Task goal: Find the line with "Energies 15 04014 sch004 Energies" in the entries below. Repeat it, every following line, and the line with "2021年重庆导游证考试时间、考试科目及考试大纲【11月6日起】", exactly and with nothing added.

Given entries:
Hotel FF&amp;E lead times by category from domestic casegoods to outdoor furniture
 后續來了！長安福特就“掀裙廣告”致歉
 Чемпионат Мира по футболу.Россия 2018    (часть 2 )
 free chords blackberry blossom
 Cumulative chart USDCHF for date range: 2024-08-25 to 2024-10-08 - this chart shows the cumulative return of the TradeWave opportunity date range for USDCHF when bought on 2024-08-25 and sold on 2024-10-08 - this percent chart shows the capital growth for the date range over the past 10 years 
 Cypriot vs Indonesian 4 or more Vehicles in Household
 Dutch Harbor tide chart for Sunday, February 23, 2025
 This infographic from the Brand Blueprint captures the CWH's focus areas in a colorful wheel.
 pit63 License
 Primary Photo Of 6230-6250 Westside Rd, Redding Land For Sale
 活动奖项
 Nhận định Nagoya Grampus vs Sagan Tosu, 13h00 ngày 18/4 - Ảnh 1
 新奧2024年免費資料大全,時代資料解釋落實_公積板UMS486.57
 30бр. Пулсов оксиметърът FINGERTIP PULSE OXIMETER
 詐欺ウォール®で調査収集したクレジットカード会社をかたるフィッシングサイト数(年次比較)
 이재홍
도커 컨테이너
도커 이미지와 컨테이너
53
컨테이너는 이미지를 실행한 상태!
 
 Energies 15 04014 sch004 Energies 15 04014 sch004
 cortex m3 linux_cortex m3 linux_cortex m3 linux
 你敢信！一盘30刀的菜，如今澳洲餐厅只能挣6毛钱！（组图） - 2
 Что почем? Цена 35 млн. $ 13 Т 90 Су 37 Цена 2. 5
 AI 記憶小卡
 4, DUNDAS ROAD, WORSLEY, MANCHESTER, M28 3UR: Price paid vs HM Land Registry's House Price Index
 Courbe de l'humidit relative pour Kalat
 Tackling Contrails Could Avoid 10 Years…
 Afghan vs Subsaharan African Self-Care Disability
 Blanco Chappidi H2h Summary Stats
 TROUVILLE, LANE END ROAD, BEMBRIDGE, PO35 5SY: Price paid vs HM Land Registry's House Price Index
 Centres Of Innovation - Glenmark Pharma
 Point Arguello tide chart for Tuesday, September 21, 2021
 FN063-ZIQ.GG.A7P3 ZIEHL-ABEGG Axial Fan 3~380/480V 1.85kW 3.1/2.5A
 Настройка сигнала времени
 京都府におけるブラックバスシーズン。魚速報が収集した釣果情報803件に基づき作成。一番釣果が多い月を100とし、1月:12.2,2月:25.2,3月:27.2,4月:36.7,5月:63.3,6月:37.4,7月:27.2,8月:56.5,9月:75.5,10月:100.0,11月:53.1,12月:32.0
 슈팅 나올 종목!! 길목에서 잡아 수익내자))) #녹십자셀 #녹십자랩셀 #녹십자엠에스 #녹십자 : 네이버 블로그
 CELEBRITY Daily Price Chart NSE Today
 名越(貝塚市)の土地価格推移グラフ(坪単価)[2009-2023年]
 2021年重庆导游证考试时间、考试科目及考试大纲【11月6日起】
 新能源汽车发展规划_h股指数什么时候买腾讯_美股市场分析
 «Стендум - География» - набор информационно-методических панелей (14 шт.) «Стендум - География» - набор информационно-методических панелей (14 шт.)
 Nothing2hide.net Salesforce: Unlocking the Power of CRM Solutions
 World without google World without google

Task result:
 Energies 15 04014 sch004 Energies 15 04014 sch004
 cortex m3 linux_cortex m3 linux_cortex m3 linux
 你敢信！一盘30刀的菜，如今澳洲餐厅只能挣6毛钱！（组图） - 2
 Что почем? Цена 35 млн. $ 13 Т 90 Су 37 Цена 2. 5
 AI 記憶小卡
 4, DUNDAS ROAD, WORSLEY, MANCHESTER, M28 3UR: Price paid vs HM Land Registry's House Price Index
 Courbe de l'humidit relative pour Kalat
 Tackling Contrails Could Avoid 10 Years…
 Afghan vs Subsaharan African Self-Care Disability
 Blanco Chappidi H2h Summary Stats
 TROUVILLE, LANE END ROAD, BEMBRIDGE, PO35 5SY: Price paid vs HM Land Registry's House Price Index
 Centres Of Innovation - Glenmark Pharma
 Point Arguello tide chart for Tuesday, September 21, 2021
 FN063-ZIQ.GG.A7P3 ZIEHL-ABEGG Axial Fan 3~380/480V 1.85kW 3.1/2.5A
 Настройка сигнала времени
 京都府におけるブラックバスシーズン。魚速報が収集した釣果情報803件に基づき作成。一番釣果が多い月を100とし、1月:12.2,2月:25.2,3月:27.2,4月:36.7,5月:63.3,6月:37.4,7月:27.2,8月:56.5,9月:75.5,10月:100.0,11月:53.1,12月:32.0
 슈팅 나올 종목!! 길목에서 잡아 수익내자))) #녹십자셀 #녹십자랩셀 #녹십자엠에스 #녹십자 : 네이버 블로그
 CELEBRITY Daily Price Chart NSE Today
 名越(貝塚市)の土地価格推移グラフ(坪単価)[2009-2023年]
 2021年重庆导游证考试时间、考试科目及考试大纲【11月6日起】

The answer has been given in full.